Today, I accepted a position at a massage studio/fitness centre (The Rose Wellness Centre, for those of you that are local).  I'm beyond excited.  I get to work somewhere that I believe in, somewhere that I care about.  I'm sure there will be some unexciting, boring aspects (filing papers, while necessary, isn't the most inspiring), but I can't wait to be a part of a team that is dedicated to helping people find their own balance.

So, where does this leave my triathlon journey?  In a really excellent position.  This past month, it's weighed heavily on my mind that this hobby of mine is one of the bigger optional expenses.  That load is taken off my mind.  The hours are such that I can still achieve a balance that leaves room for my training, and races.

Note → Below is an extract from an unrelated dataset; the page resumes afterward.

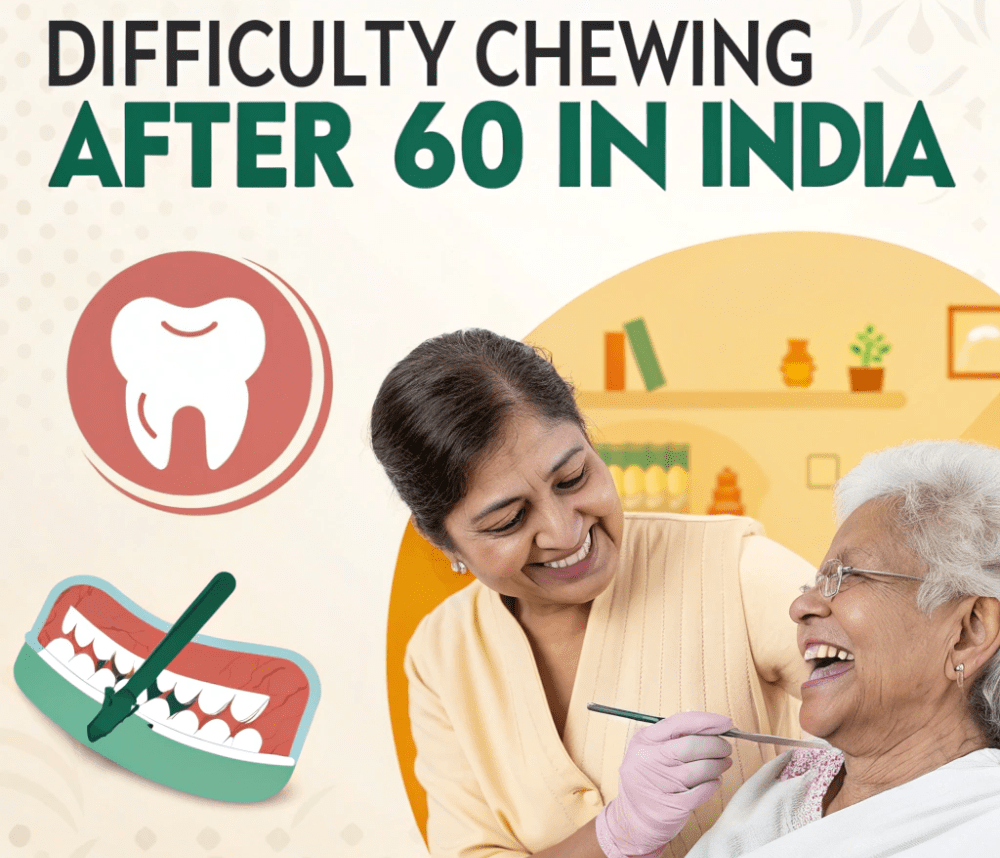 Difficulty Chewing After 60 in India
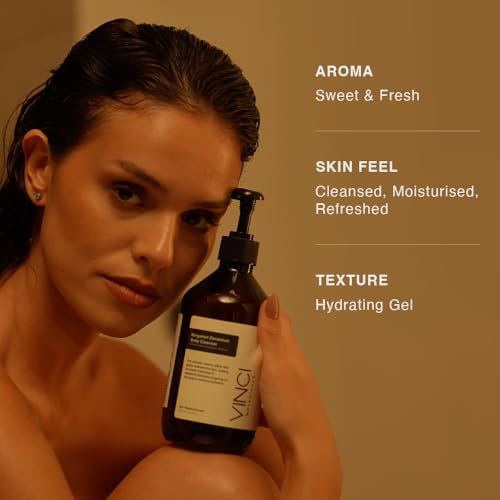 Bergamot Geranium Body Cleanser | Aromatic Body Wash to Hydrate & Balance Skin | Alternative to Regular Soap | Fresh & Sweet Aroma | Vegan, Cruelty & Paraben-Free | 500 ml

Right now, I feel like I have the best of every possible world.  Stay at home mom, part time job in an inspiring place, triathlete, and pretty fabulous wife to boot.  It will require a bit more organization, but I'm up for the challenge!

Monday, October 1, 2012

Cars, Bikes, and Shopping carts

One of my pet peeves while grocery shopping is people that don't drive their shopping carts properly.  They go down the middle of the aisle.  They stop randomly without checking to see if somebody is behind them.  They fail to shoulder check.  They walk on the left, meaning at busy times, they completely block the aisle for somebody going the other direction.  It seriously annoys me.  In fact, sometimes it really pisses me off.

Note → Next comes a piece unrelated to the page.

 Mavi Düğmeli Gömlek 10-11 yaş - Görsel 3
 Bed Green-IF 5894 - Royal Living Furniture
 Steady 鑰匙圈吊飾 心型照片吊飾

I'm sure there are others that feel my pain.

Yesterday, there was another bike/car "accident" in my neck of the woods.  The story is here: Story  The story is like many other road rage stories.  Driver is mad that cyclists are on the road.  Driver proceeds to use motor-vehicle as a weapon.  Cyclist gets injured.

What annoys me the most about these stories is the comments on them.  Because every single time people use it as an excuse to start complaining about the inconsiderate cyclists.  About the cyclists that don't ride single file, that ride down the middle of the road, the bike couriers, etc.

The thing is, in this story, there is no indication that the cyclist is at fault.  There is every indication that the driver is.  Now, I am not denying that some cyclists are jerks, but that's irrelevant in this situation.

Let's get back to my shopping cart example.  One of these days, I might just snap.  Perhaps I will just get SO MAD that somebody is pushing their shopping cart in my aisle that I will lose my temper and start ramming into them repeatedly with my own cart.  (I realize the car didn't ram "repeatedly", but given the fact the shopping cart does less damage, we'll stick with it.)

If that happens, am I going to get everybody's sympathy?  I mean, surely they'll understand because of those darn shopping cart drivers right?